Ces lieux dont je connaissais uniquement le nom car ils avaient été prononcés par mon père à maintes reprises, mais qui ont pris une autre dimension en les voyant, en y marchant, en m’y recueillant. Et il était important que je m’en imprègne, que je les fasse miens, qu’ils soient en moi désormais. Je tiens notamment à remercier ici ceux qui ont effectué des discours sur chacun des lieux (et notamment Alexis qui m’a émue aux larmes). Ces discours nous ont permis de nous immerger tous un peu plus dans ce passé.

Que dire de la physionomie de ces lieux aujourd’hui ? Que les choses ont bien sûr beaucoup changé depuis 80 ans, que la vie, que le « normalité » a repris ses droits, qu’un entrepôt de meubles a remplacé les baraquements de l’aérodrome de Lasnamäe, qu’un projet hôtelier est planifié à Patarei. Que le beau temps, les gazouillis des oiseaux et ce ciel bleu contrastaient forcément avec le mal absolu qui avait sévi là-bas. Et c’est grâce à la présence de monuments, de stèles, que ces lieux restent des lieux de mémoire pour ceux qui y viennent. Il faut saluer ici le travail de l’association et de Louise Cohen – qui manque cruellement – afin de permettre à ces lieux de conserver leur dimension historique. Ce n’est que par la volonté de l’association, que ces activations de mémoire sont rendues possibles pour tous ceux qui se rendent dans ces endroits.
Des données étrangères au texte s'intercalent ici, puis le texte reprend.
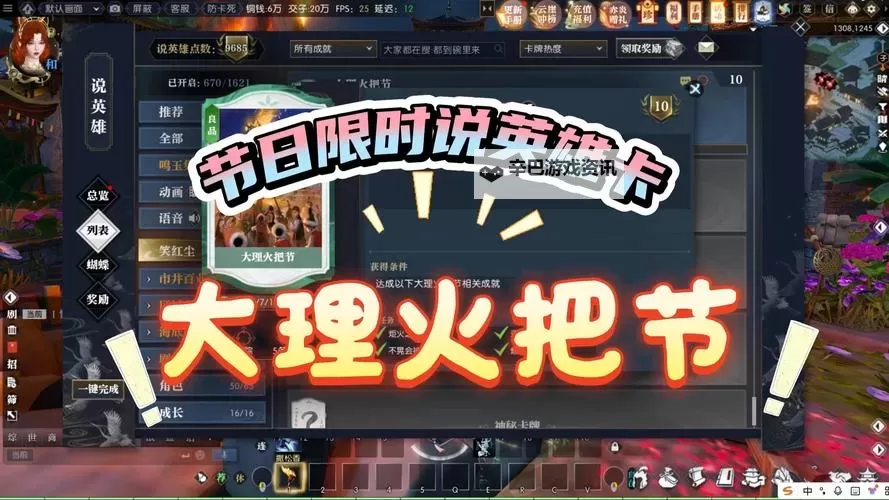 逆水寒魔兽老兵服大理说英雄卡位置一览 大理说英雄卡位置在哪图1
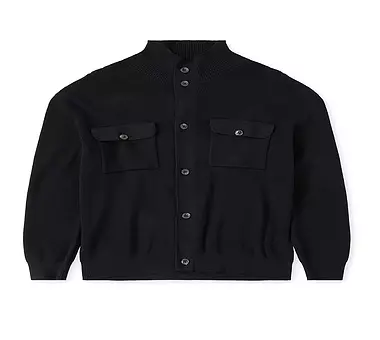 CLOSED Strickjacke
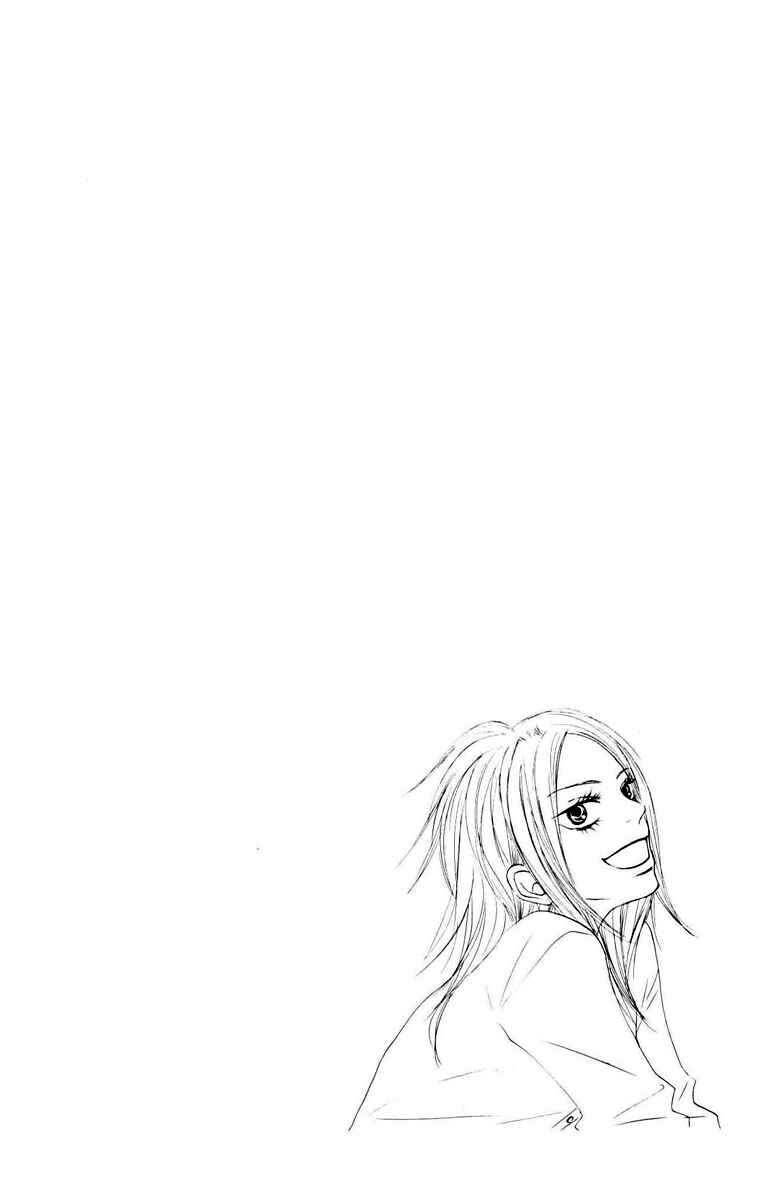 Page 5 Chapter 50 Kimi ni Todoke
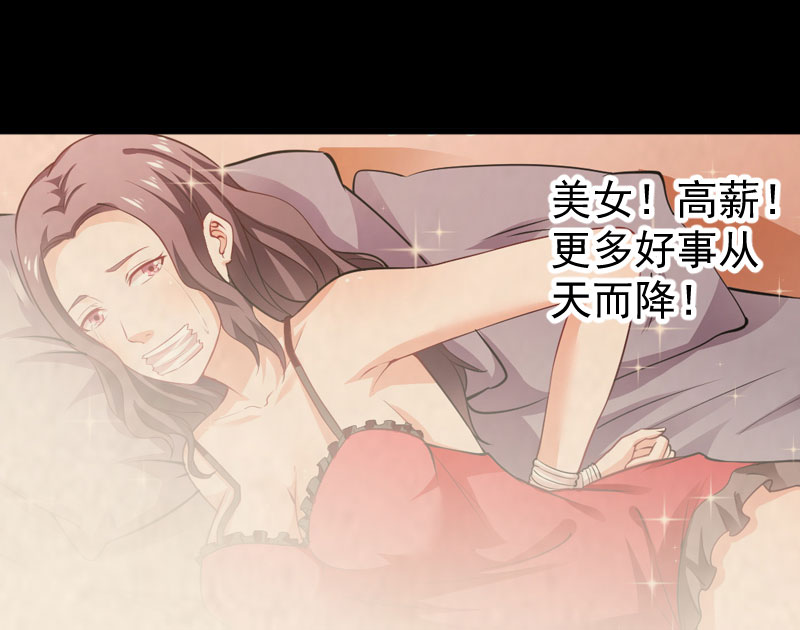 第1章：预告5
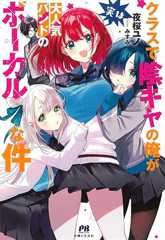 クラスで陰キャの俺が実は大人気バンドのボーカルな件 (PASH!ブックス)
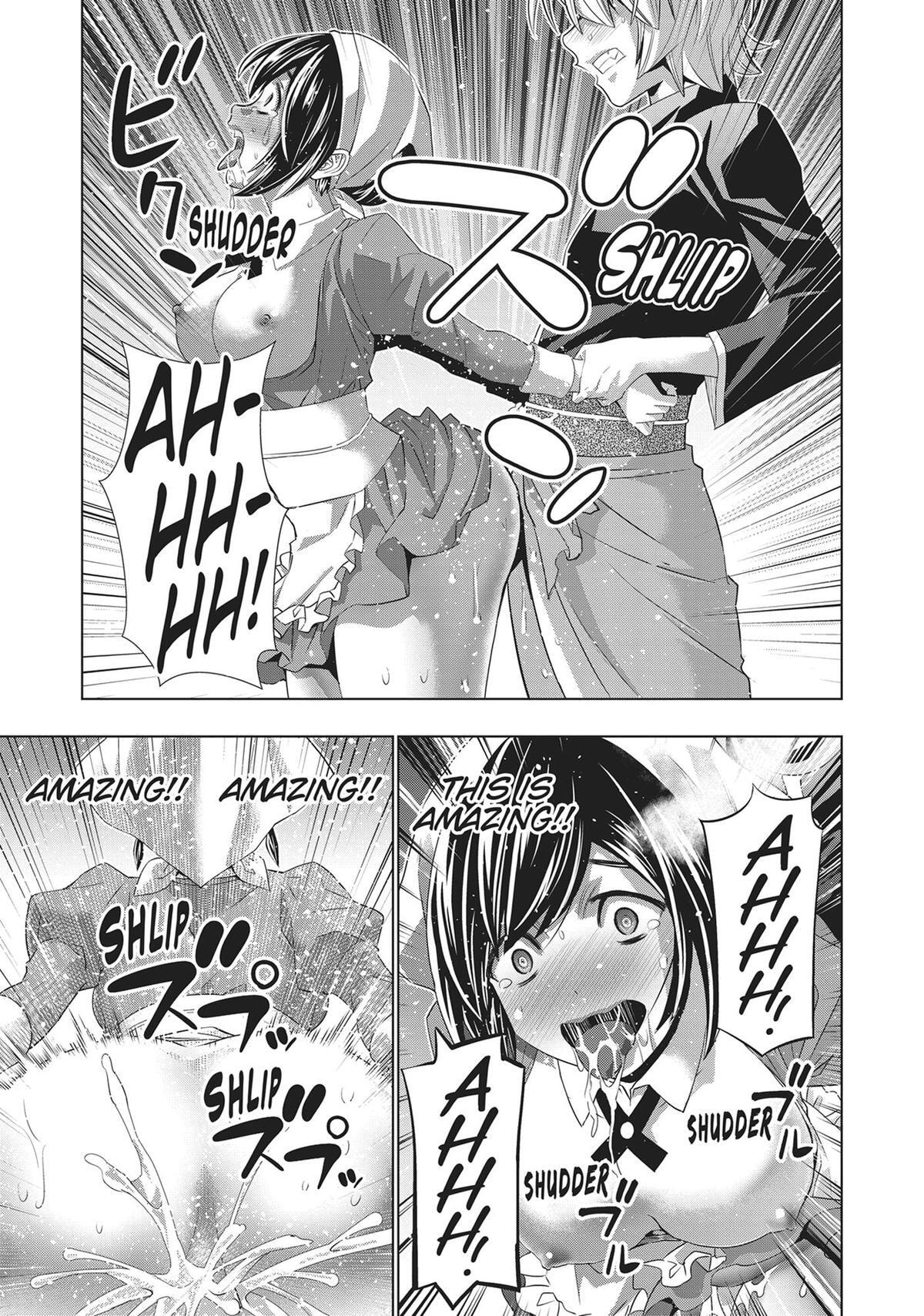 Read Parallel Paradise chapter 198 image 18 on Lezhin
Faire ce voyage était pour moi indispensable, il fallait que je sois fidèle à mon histoire. Ce voyage a été difficile forcément, bourré d’émotions, j’y ai entendu ce que je n’avais jamais voulu entendre ou voir – pour me protéger. Il était indispensable pour moi de faire un pas vers mon passé, vers mon père et vers mes semblables. Je retiendrai aussi les moments de grâce de ce voyage que ce soit à l’école Juive de Tallinn avec les représentations des enfants qui chantaient et dont l’innocence était particulièrement émouvante tant elle contrastait avec le reste ou dans la synagogue avec le Grand rabbin Khot qui sonnait le Chofar.

À l’issue de ce voyage, est-ce que j’en ai su un peu plus sur l’histoire du convoi ? La réponse est évidemment oui. Mais avais-je appris un détail en particulier sur le lieu de la disparition de mon grand-père : avait-il perdu la vie à Kaunas ou à Reval, au cours d’une marche, lors d’une fusillade ou même lors du trajet, tout cela reste dans le champ de l’inconnu et de la quête que nous faisons tous.

La transmission se fait par la parole et les images, mais j’ai la conviction que rien n’est aussi fort que de la vivre, de l’expérimenter « en vrai » par soi-même et accompagnée de ceux qu’on aime. Grâce à ce voyage, je pense être devenue moi-même un sujet de transmission multi dimensions : par ce qui m’aura été raconté et toujours raconté par mon père, par mon histoire et par ce que moi-même j’aurai à raconter de ce que j’ai vu sur ces lieux à mes enfants et à mon entourage. Et faire vivre un peu plus l’histoire du convoi 73.